Yes, of course, she knew we’d still need to put time into the production of necessities, but everyone’s goal would be to live with as little as possible. People in BMWs would be in envious awe of those who work two days a week and commute on a bike. And those on bikes would feel outdone by those who could afford to saunter.

The climate crisis presses the issue. Less production and consumption means less fuel burned. It gives us more time to solve stuff-born problems.

In some ways, the pandemic lockdown is a dry run of a time-based economy. People are producing less and consuming less, albeit not voluntarily. People have more time, but they feel like they’re doing time.

The stuff-based economy has not adjusted to this new way of life. It’s still painful. People have learned to live without restaurants and road trips, but they still have to pay rent.

A time-based economy is a revolutionary idea but possible only at the pace of evolution. No mob or army can make it happen overnight.

It’s a shift as big as the transition from feudalism to industrialism.
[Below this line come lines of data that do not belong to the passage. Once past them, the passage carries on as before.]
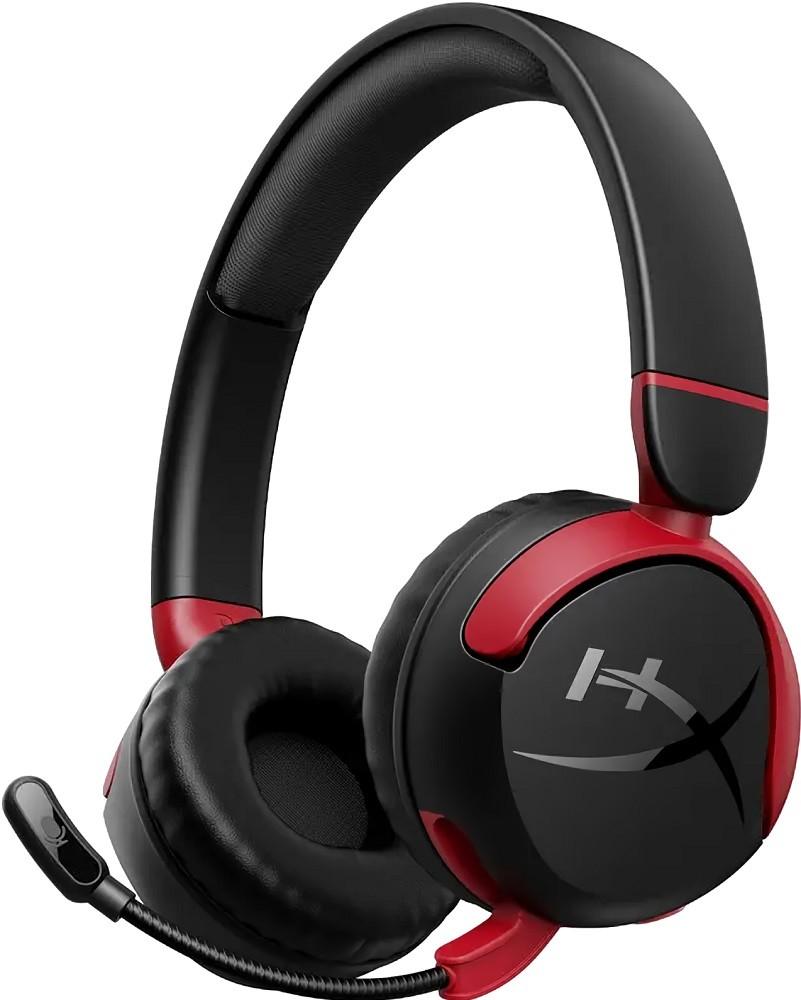 Игровые наушники HYPERX Cloud Mini Black (7G8F1AA)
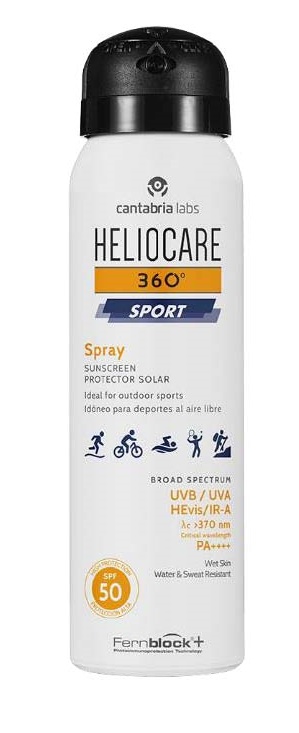HELIOCARE 360 SPORT SPRAY 100 ML - FarmaLucia
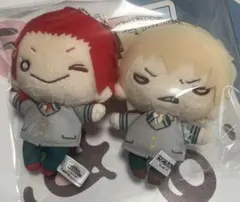 僕のヒーローアカデミア ジャンプフェスタ2018爆豪　切島 にとたん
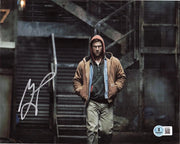 Glen Powell Signed 8x10 Photo from The Running Man Beckett COA - Item #24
But anyone living above the level of strict necessity can start opting for time over stuff.

The first step is simply decision: to reorient your valuation of wealth.

The stuff-based socio-economic system is inimical to such change. It will do nothing to facilitate. It will resist. But it cannot resist absolutely. You can find small ways to find time, and you can always find small stuff you can live without.

Automation and technology should be helping. We’re all producing more per hour than people did 50 years ago, yet we’re all working more. Robots are helping, yet the workload worsens. If we’d stuck with the production and stuff that satisfied us 50 years ago, we’d have a 20-hour workweek today.

But this tectonic-economic shift leaves us with a couple of key questions. What should we do with so much free time? And what would we actually do?

Think about that during your bounty of idle quarantine moments. What would you do if you had half your stuff and twice your time?